• **YOUR OBJECTIVE**:
Of the material below, the lines to be retyped are those from the line containing "Fantastic Odd Rods" through the line containing "Kitchen in 3", inclusive; reproduce them exactly.

• **DATASET CONTENT**:
Segment Open

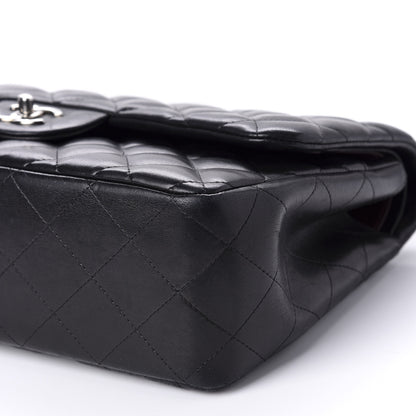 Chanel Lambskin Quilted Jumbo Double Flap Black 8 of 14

Segment Closed
Segment Open

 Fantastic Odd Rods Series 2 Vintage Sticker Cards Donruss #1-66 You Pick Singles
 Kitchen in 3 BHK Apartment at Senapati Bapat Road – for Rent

Segment Closed
Segment Open

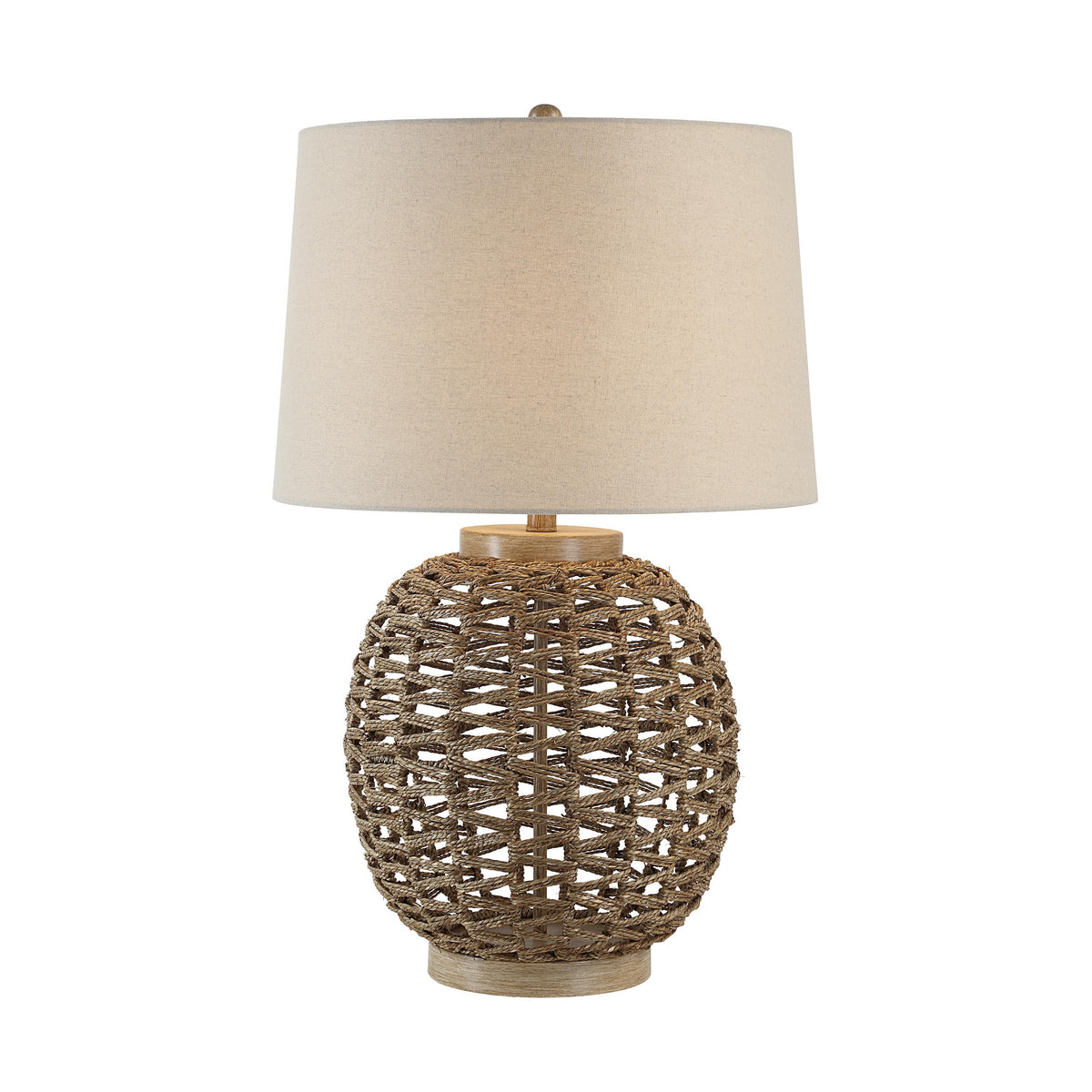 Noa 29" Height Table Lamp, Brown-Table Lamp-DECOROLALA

Segment Closed

• **TASK RESULT**:
 Fantastic Odd Rods Series 2 Vintage Sticker Cards Donruss #1-66 You Pick Singles
 Kitchen in 3 BHK Apartment at Senapati Bapat Road – for Rent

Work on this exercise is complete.